Ja, das kann ich, ich kenne einige Personen, die davon betroffen waren oder sind. Allerdings habe ich es biografisch nicht selbst kennengelernt.  Ich habe extern promoviert, sprich, ich hatte zunächst keine Stelle als wissenschaftlicher Mitarbeiter während der Promotion. Ich war insofern nicht angewiesen auf eine Stelle im Mittelbau – damit bin ich aber eher die Ausnahme als die Regel. Das Ganze ist glaube ich ein Webfehler unseres Systems. Zeitlich begrenzte Verträge hat man eingeführt, um den Mittelbau aus wissenschaftlicher Mitarbeit nicht zu „verstopfen“. Man wollte einen Durchlauf schaffen, hat aber eher Sackgassen gebaut, weil die Stellen viel zu selten mit einem Tenure Track (die Chance auf eine Lebenszeitprofessur) ausgestattet waren. Außerdem kann man da auch aus der Gender-Perspektive draufschauen. Es hat, denke ich, einen Grund, warum der Hashtag ‚Ich bin Hanna‘ und nicht ‚Ich bin Hanno‘ heißt. Eine Karriere in der Wissenschaft bringt für Frauen nochmal eigene Herausforderungen mit sich – eine Vereinbarkeit von eigenen Kindern und der parallelen Arbeit an einer Promotion sind nicht wirklich gegeben. Die meisten Doktorväter in Deutschland sind eben noch Väter, also männlich, hier spielt auch eine Rolle, dass diese zu wenig sensibilisiert und engagiert sind in der Unterstützung von Frauen in der Wissenschaft.

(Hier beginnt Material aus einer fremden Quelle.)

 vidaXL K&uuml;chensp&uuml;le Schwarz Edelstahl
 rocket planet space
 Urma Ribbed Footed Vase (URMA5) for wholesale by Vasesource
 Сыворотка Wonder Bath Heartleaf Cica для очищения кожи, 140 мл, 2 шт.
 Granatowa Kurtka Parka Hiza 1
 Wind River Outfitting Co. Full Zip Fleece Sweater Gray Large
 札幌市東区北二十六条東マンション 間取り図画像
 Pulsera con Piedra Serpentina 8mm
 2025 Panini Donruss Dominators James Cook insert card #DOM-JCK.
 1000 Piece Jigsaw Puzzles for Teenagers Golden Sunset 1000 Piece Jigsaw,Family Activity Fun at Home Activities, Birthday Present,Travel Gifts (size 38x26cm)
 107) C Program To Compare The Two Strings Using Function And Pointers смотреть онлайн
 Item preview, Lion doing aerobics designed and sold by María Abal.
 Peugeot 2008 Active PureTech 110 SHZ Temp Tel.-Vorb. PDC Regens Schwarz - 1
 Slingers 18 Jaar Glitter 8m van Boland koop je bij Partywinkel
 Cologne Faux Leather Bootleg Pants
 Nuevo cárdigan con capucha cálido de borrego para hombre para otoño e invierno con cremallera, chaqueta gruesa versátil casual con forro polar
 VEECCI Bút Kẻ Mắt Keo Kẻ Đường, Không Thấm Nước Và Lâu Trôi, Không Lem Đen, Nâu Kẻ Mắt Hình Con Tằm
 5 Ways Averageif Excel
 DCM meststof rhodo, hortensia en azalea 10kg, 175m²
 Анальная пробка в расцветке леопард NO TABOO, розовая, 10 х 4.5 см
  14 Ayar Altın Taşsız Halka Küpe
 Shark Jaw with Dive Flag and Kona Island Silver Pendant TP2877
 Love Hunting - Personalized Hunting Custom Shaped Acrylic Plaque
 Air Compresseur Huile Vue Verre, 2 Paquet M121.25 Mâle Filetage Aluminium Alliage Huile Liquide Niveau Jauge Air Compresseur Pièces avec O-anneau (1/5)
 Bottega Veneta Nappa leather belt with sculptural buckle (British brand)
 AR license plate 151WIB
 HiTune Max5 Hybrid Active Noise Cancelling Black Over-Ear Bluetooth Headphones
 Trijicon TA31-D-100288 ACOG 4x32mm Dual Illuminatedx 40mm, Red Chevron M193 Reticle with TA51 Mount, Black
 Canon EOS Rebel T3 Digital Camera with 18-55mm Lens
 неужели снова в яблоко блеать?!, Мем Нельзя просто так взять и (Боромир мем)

Stimmt, auch ‚Gender Studies‘ gehört zur Bezeichnung Ihrer Professur. Wie passt das mit Sozialer Arbeit zusammen?

Die Lebenswelten und Bewältigungsstrategien von Frauen, Männern und diversen Menschen unterscheiden sich durchaus. Grade in der Sozialen Arbeit ist es wichtig, die Perspektiven der Geschlechter zu betrachten. Beispielsweise bei den Fragen: Was brauchen Kinder oder Jugendliche mit einem bestimmten Geschlecht während ihrer Sozialisation? Wer braucht Schutzräume, ist von häuslicher Gewalt betroffen? Wer wird aus welchen Gründen überproportional oft zum Täter? Wie sieht es aus mit den Berufsbiografien von Männern und Frauen? Welche Beratungsangebote brauchen Männer, Frauen oder LGBTIQ*-Personen?

Vermissen Sie manchmal die Praxis, wie Sie sie beispielsweise beim Zivildienst kennengelernt haben?

Was ich während meines Grundstudiums an der Universität schade fand war, dass die Theorien an der Universität sehr einseitig, nur intellektuell und ohne Praxisbezug gelehrt wurden. Da ging es um Begriffsexplikationen und Theoriegebäude, die mit der Praxis kaum im Zusammenhang standen.

Das ist an der Fachhochschule nicht der Fall?

Das Tolle an der Fachhochschule ist, dass es einen starken Theorie-Praxis-Bezug gibt. Und diesen versuche ich in meiner aktuellen Professur auch umzusetzen. Ich schaue immer, was theoretische Vorannahmen für das tatsächliche Handeln in der Praxis bedeuten. Eigentlich machen alle Theoretiker der Sozialen Arbeit auch immer Angebote, wie sie ihre Überlegungen in der Praxis vorstellen. Diese Verzahnung ist auch für die Studierenden wichtig, weil sie natürlich das Handwerkszeug brauchen.